I am joining others on this day to mark International Women’s Day and in this small way, contribute to the celebration of their voices, gifts, and presence and highlight the need for continual justice.
Each year on March 8 the world takes time to observe International Women’s Day. It is a day dedicated to the celebration of women’s social, economic and political achievements worldwide. In the United States, this official day of observance is rooted in women’s efforts to campaign for rights to work, vote and hold public office, culminating on March 8, 1908, when 15,000 women marched through New York City demanding shorter work hours, better pay, voting rights, and an end to sweatshop conditions and child labor. In the early 1910s, the concept gained recognition in the international community and grew momentum as women across Europe continued to fight for the right to work and protest against ensuing world conflict.
There are also others on the blogosphere also highlighting the voices of women in the Bible. One female voice that has recently spoken to me in surprising new ways is Lydia from Acts 16:11-15. My church is currently going through the book of Acts and I recently preached on that text [mp3] covering Paul, Lydia, power, and transformation. Paul went to Phillipi and likely sought out the synagogue [and men] but it did not exist. He went outside the city gate to the river – again expecting and hoping to meet men since that was his strategy. I love this passage because we see how it wasn’t Paul’s intent, strategy, or plan but God surprises and blesses him nevertheless by introducing him to Lydia who if you read through the text, can safely assume that she was an entrepreneur, a businesswoman, and someone who was a “worshiper of God.” The Lord convicts her and she not only responds to the gospel of Christ but her whole life is transformed from one particular worldview epitomized by the power of purple to the power of Jesus. Her whole household comes to faith through her. And eventually, she works alongside Paul and his cronies to plant a church in Phillipi – at her home. Pretty amazing.
May we commmit and re-commit ourselves to welcoming the voices of women to the Church.
The reality is that we need to be investing in all our young boys and girls but in many parts of the world, the balance is skewed in such a way that being born a girl is to trek uphill your entire life – like the story of Shamia who had acid thrown on her face because she dared to go to school. This video, entitled Girl Effect, is a good reminder of the positive influence we can have on young girls and beyond.
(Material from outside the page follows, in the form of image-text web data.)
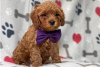 Zdjęcie №3. Piękne szczenięta Cavapoo Do bezpłatnej adopcji. Niemcy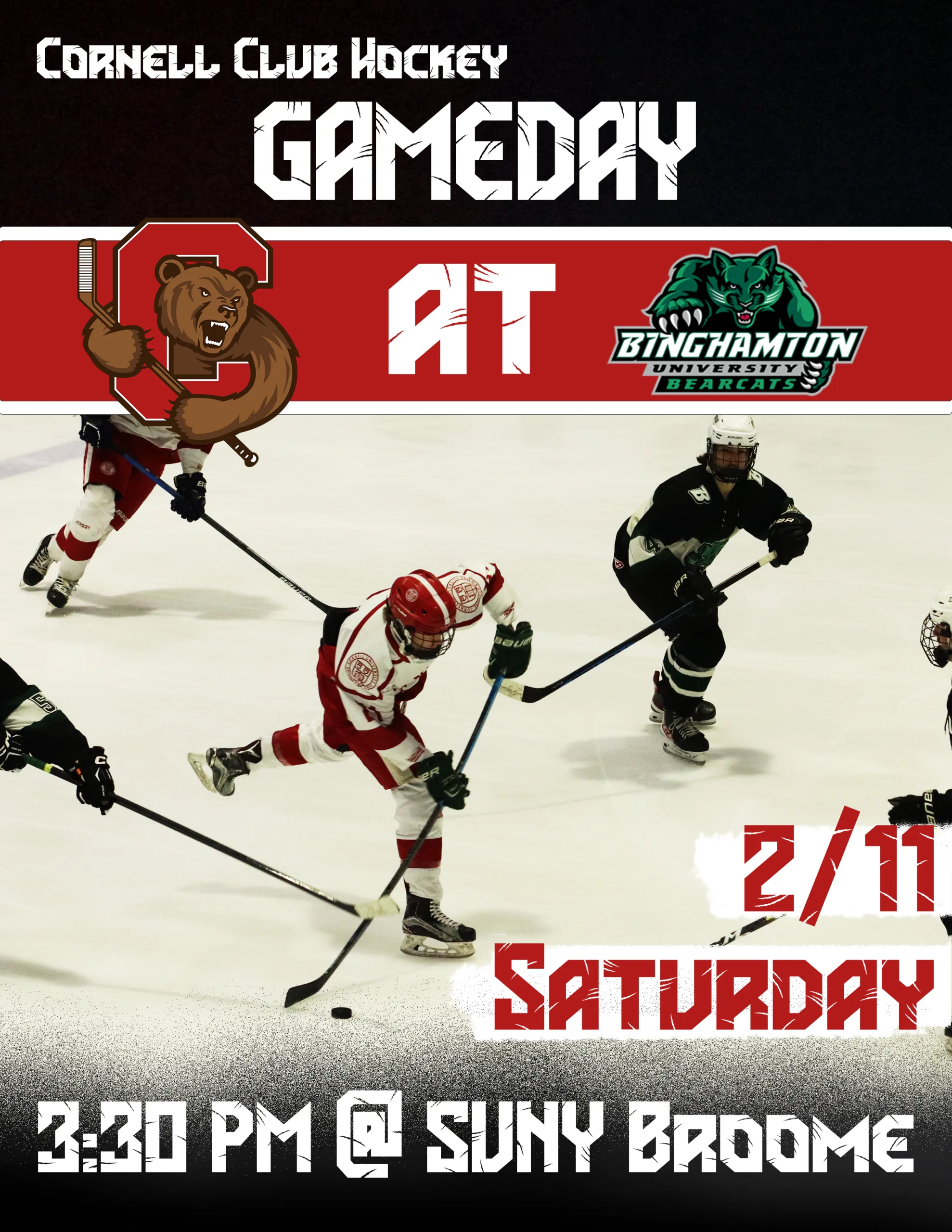 Cornell Hockey, image 8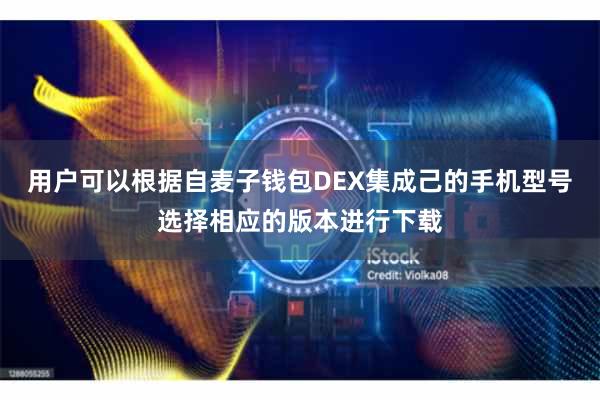 用户可以根据自麦子钱包DEX集成己的手机型号选择相应的版本进行下载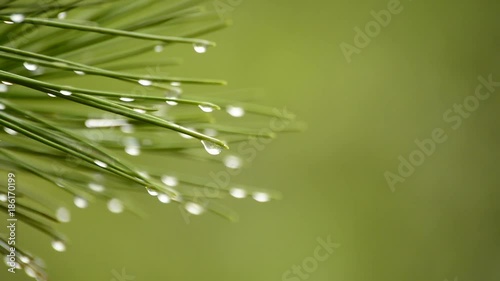 Raindrops in a leaf of a pine a rainy day photo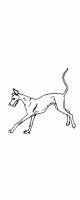 greyhound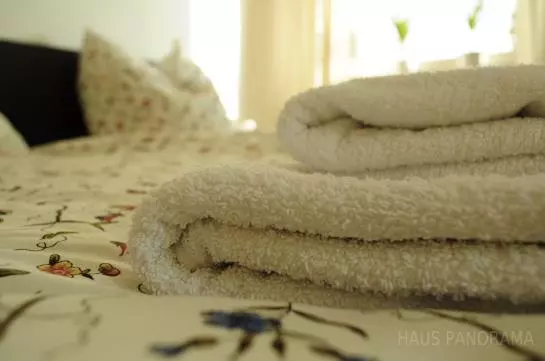 ホテル Haus Panorama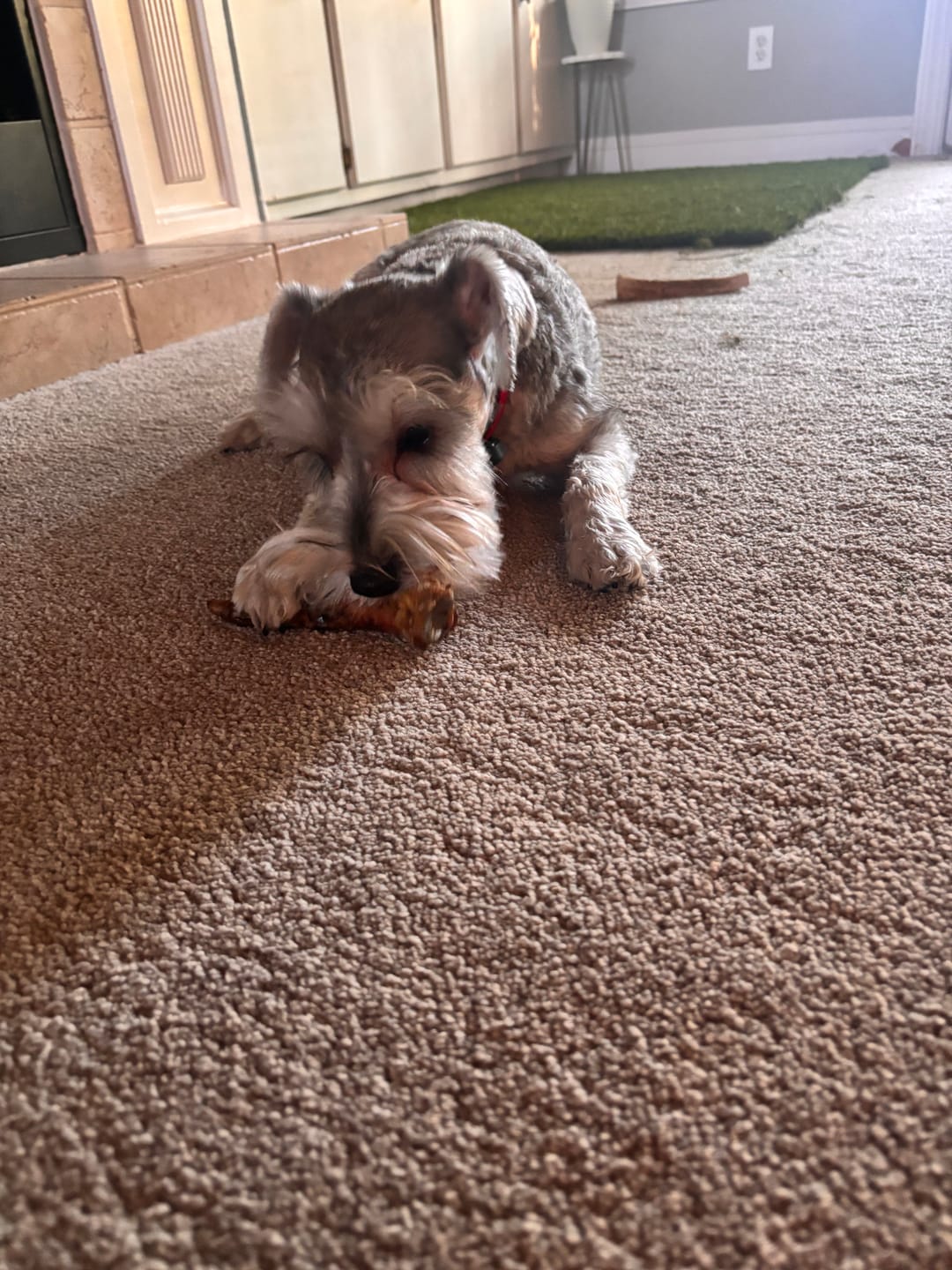 Customer photo review of Ostrich Runner (5" x 1.5"): The Flavorful & Long-Lasting Chew for Small to Medium Dogs - 2 Pieces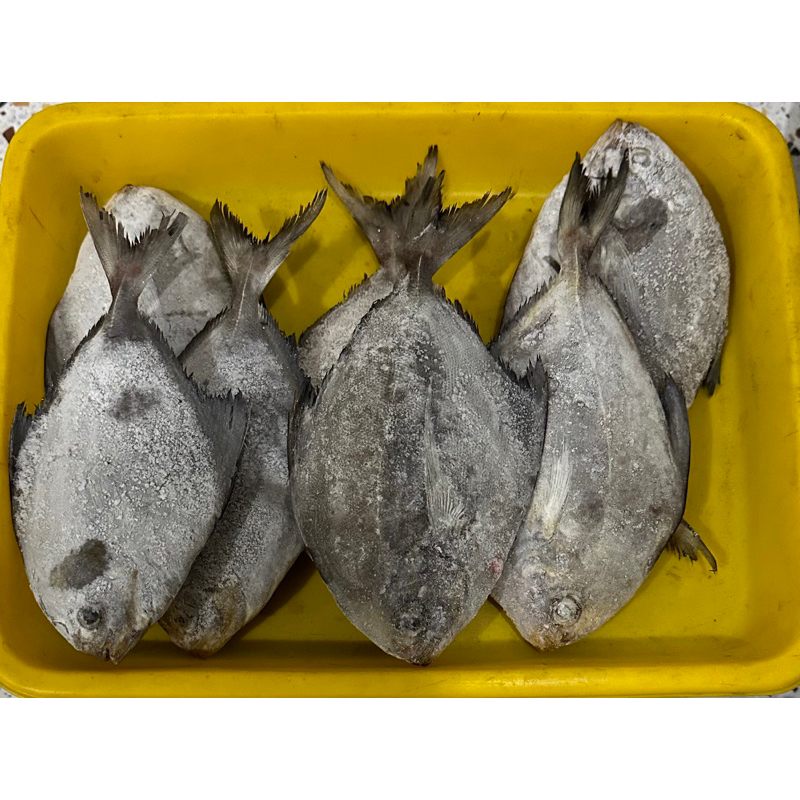 

Ikan Bawal Hitam - Frozen black Pomfret
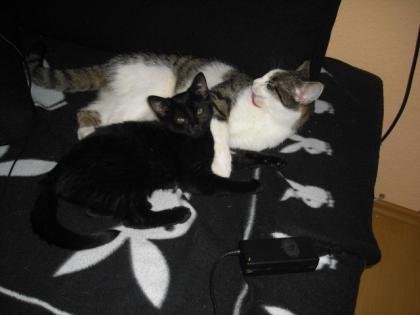 2 Süße Katzen abzugeben 1 5 Jahre alt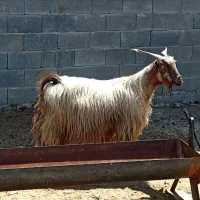 بز کهره دار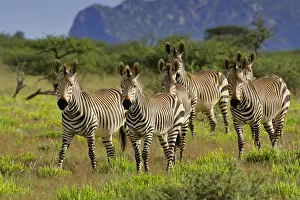 Bush Prints: Mountain Zebra herd in savanna Namibia, Africa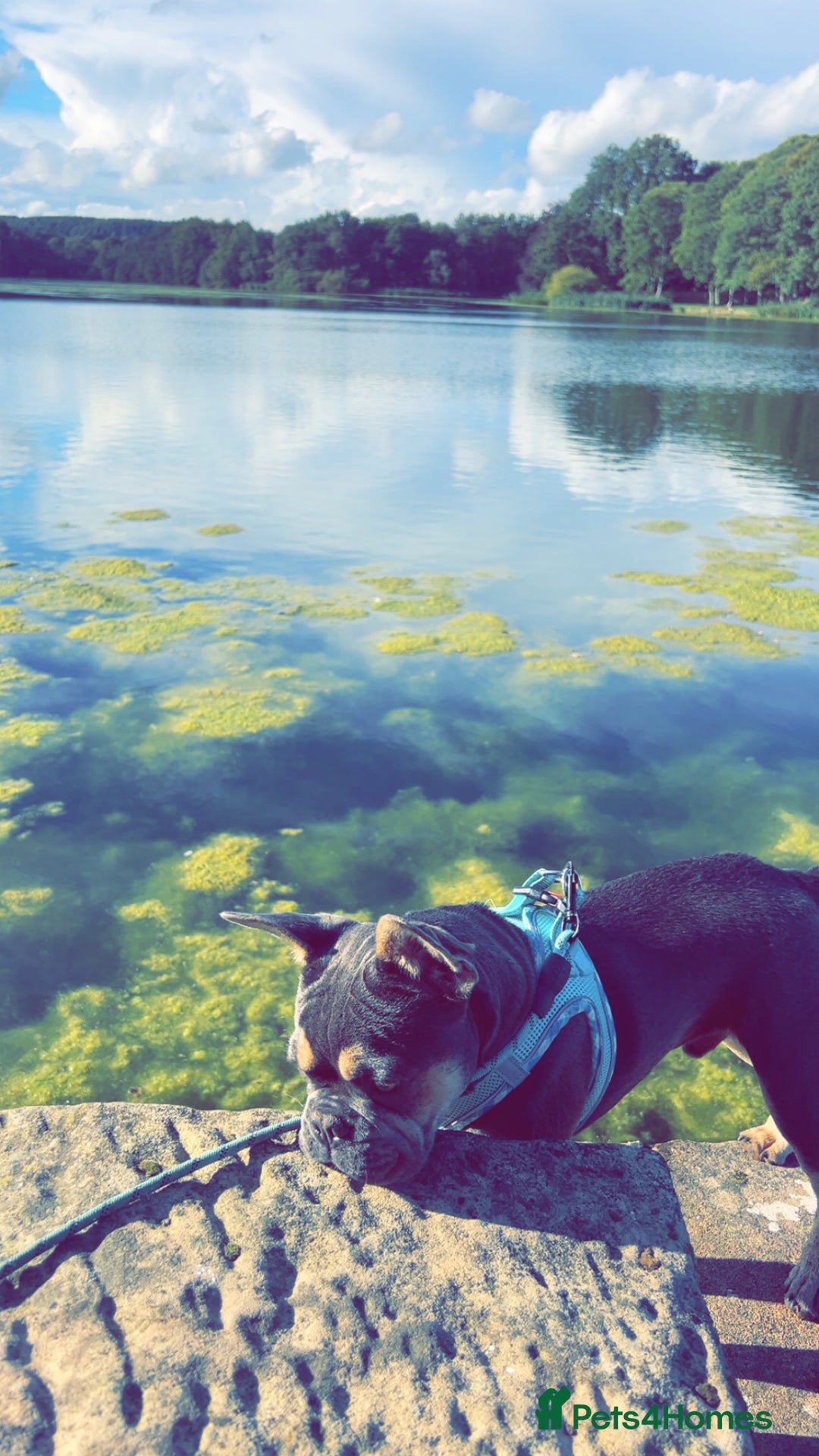 French Bulldog dogs for sale: Blue & Tan Pedigree French Bulldog - Image 4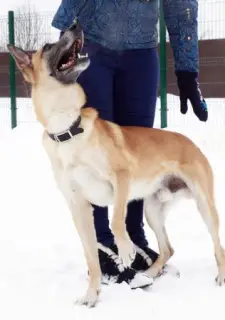 Photos supplémentaires: Jack est votre ami pour toujours Chien en cadeau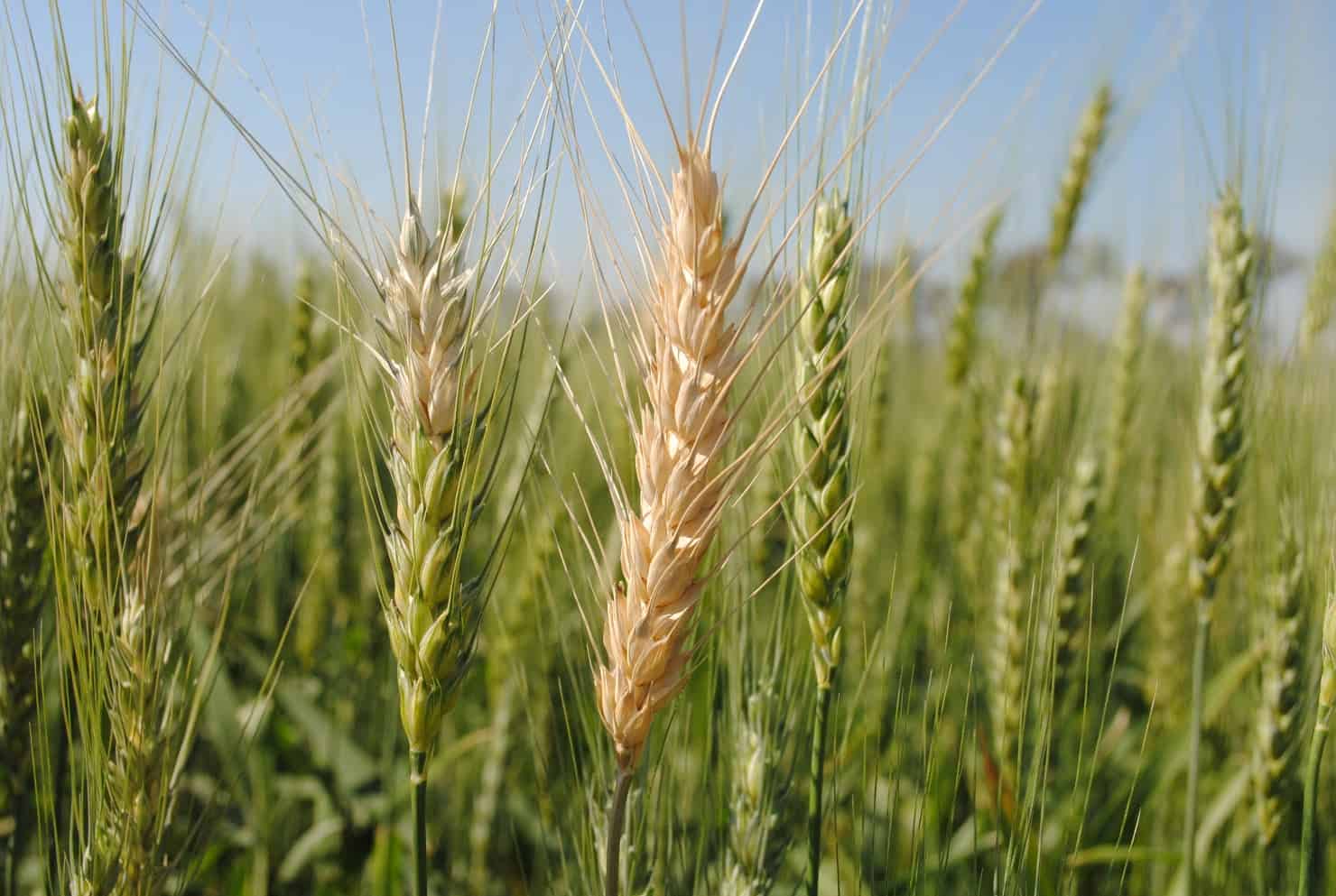Plantação de trigo com brusone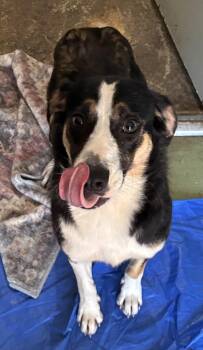 Sweet Pea -  Australian Shepherd Dog Available for Adoption in Welling, Oklahoma - Sweet Pea | PetCurious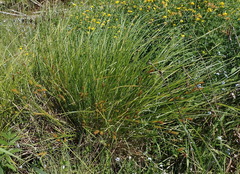 Carex exsiccata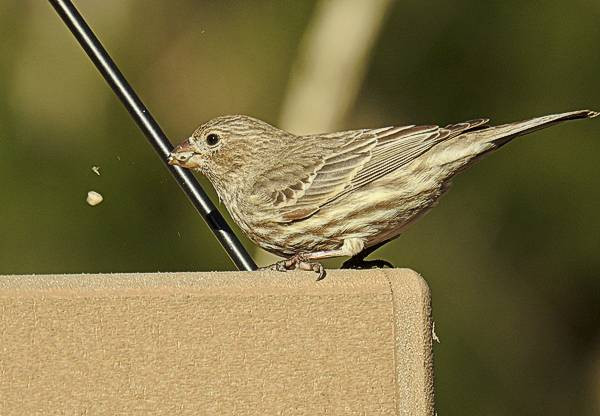 Maryland Backyard Birds
 mon Maryland Backyard Birds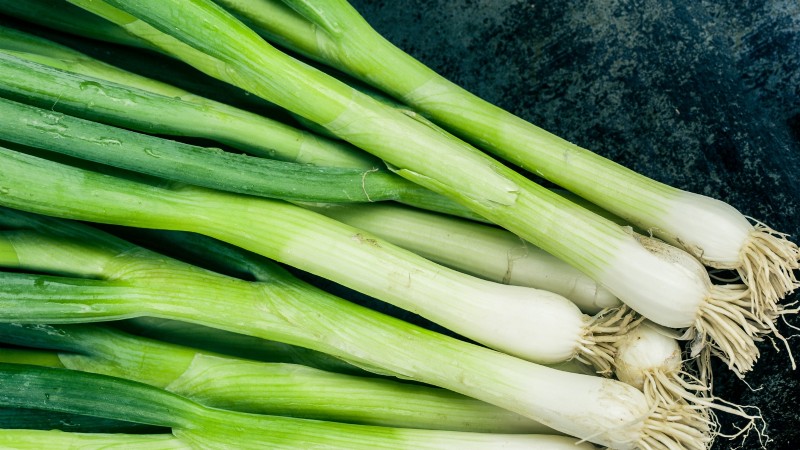 Best Onion Varieties to Plant in March | Flavor & Climate Guide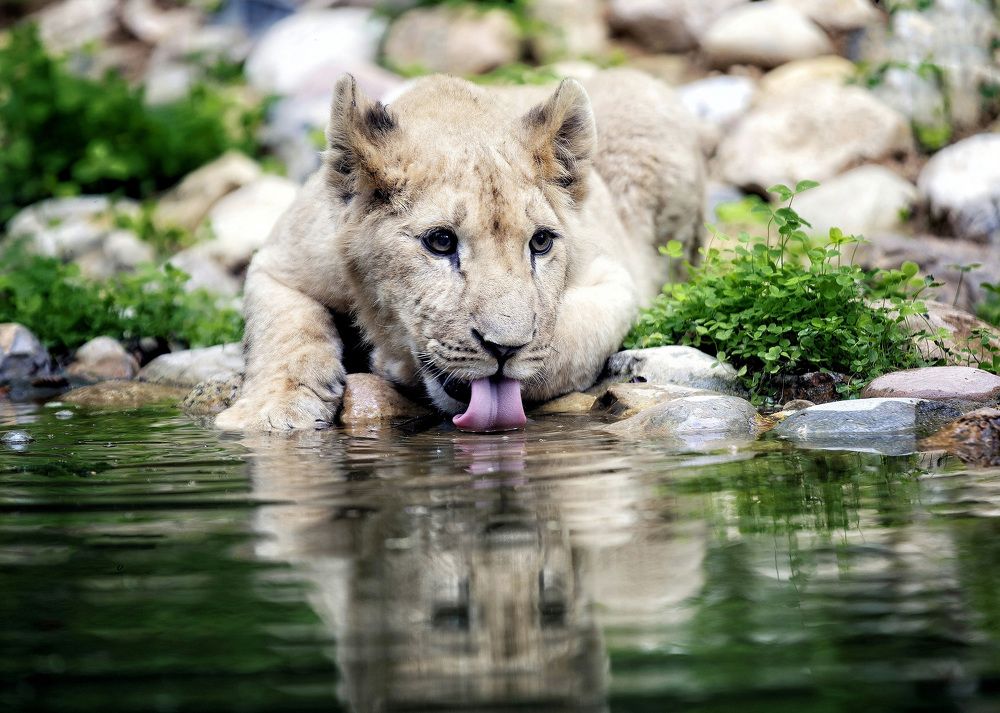 Photograph by Андрей Автухов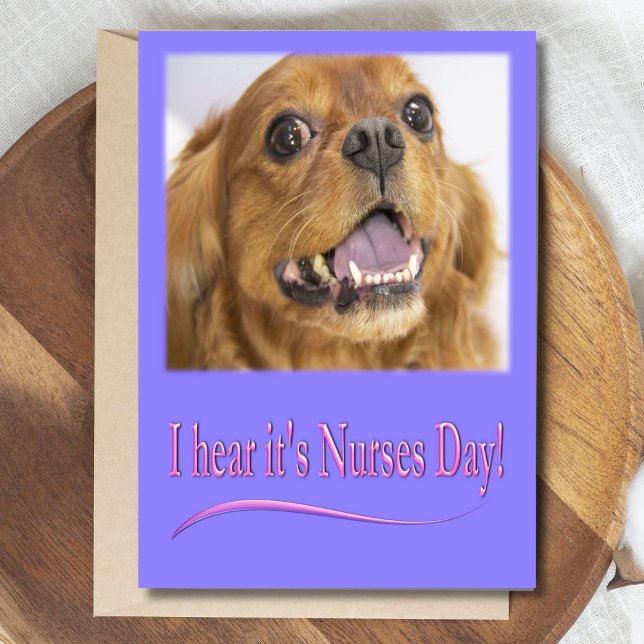 I hear it's Nurses Day Cavalier King Charles Card (Creator Uploaded)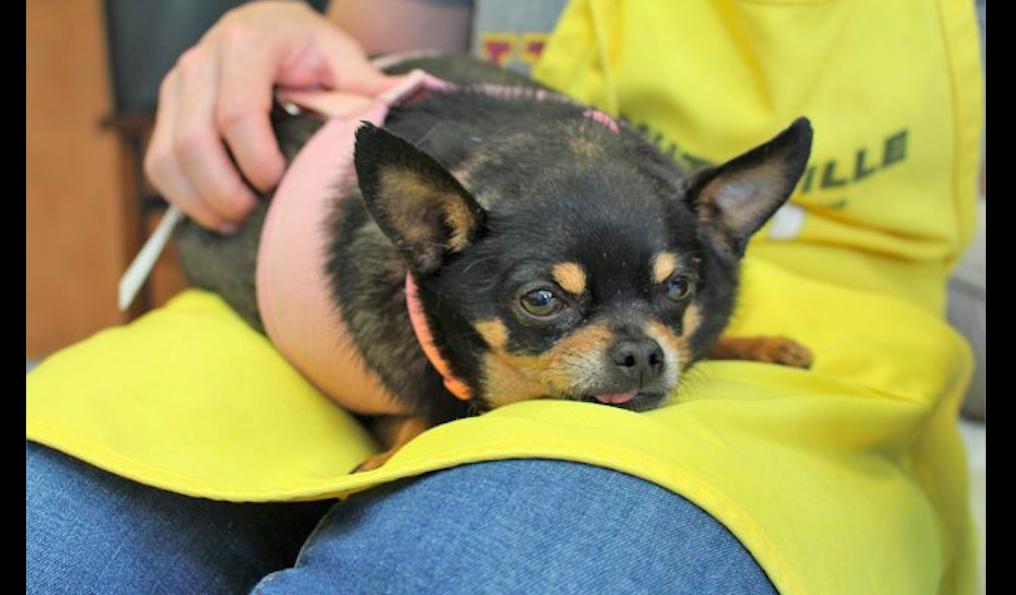 为什么吉娃娃那么容易胖,吉娃娃太胖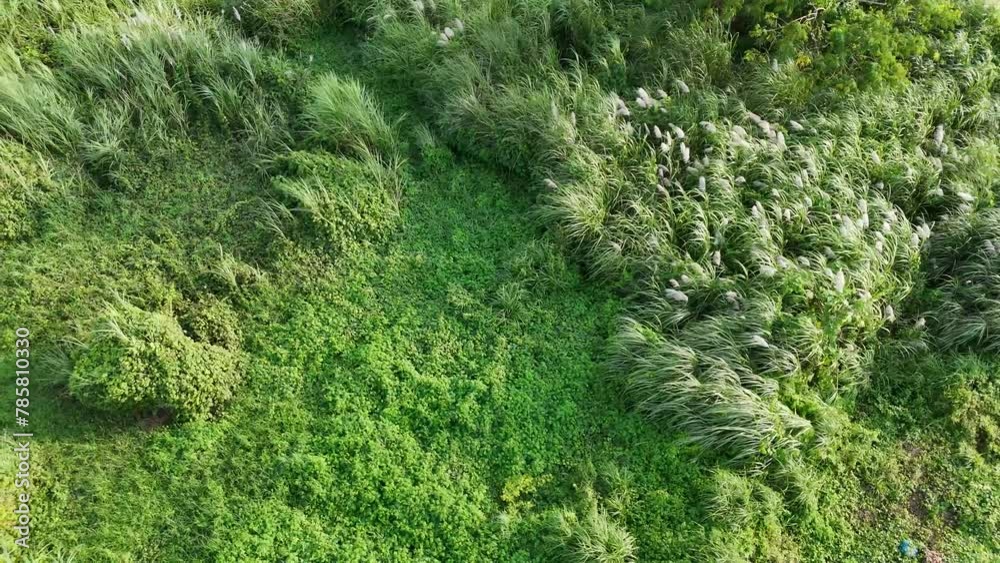 Aerial top view forest tree, Rainforest ecosystem and healthy environment concept and background, Texture of green tree forest view from above. Aerial top view forest tree, Rainforest ecosystem and healthy environment concept and background, Texture of green tree forest view from above.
Last year, I posted two entries that may be of some interest: Ultimate Fighting Jesus and Conversation with Rob Bell [re: women in ministry] and while we’re at it, I’m re-posting the infamous 10 reasons Why Men Should Not Be Ordained For Ministry [source unknown]. It’s just too funny not to share again.
10. A man’s place is in the army.
9. The pastoral duties of men who have children might distract them from the responsibility of being a parent.
8. The physique of men indicates that they are more suited to such tasks as chopping down trees and wrestling mountain lions. It would be “unnatural” for them to do ministerial tasks.
7. Man was created before woman, obviously as a prototype. Thus, they represent an experiment rather than the crowning achievement of creation.
6. Men are too emotional to be priests or pastors. Their conduct at football and basketball games demonstrates this.
5. Some men are handsome, and this will distract women worshipers.
4. Pastors need to nurture their congregations. But this is not a traditional male role. Throughout history, women have been recognized as not only more skilled than men at nurturing, but also more fervently attracted to it. This makes them the obvious choice for ordination.
3. Men are prone to violence. No really masculine man wants to settle disputes except by fighting about them. Thus they would be poor role models as well as dangerously unstable in positions of leadership.
2. The New Testament tells us that Jesus was betrayed by a man. His lack of faith and ensuing punishment remind us of the subordinated position that all men should take.
1. Men can still be involved in church activities, even without being ordained. They can sweep sidewalks, repair the church roof, and perhaps even lead the song service on Father’s Day. By confining themselves to such traditional male roles, they can still be vitally important in the life of the church.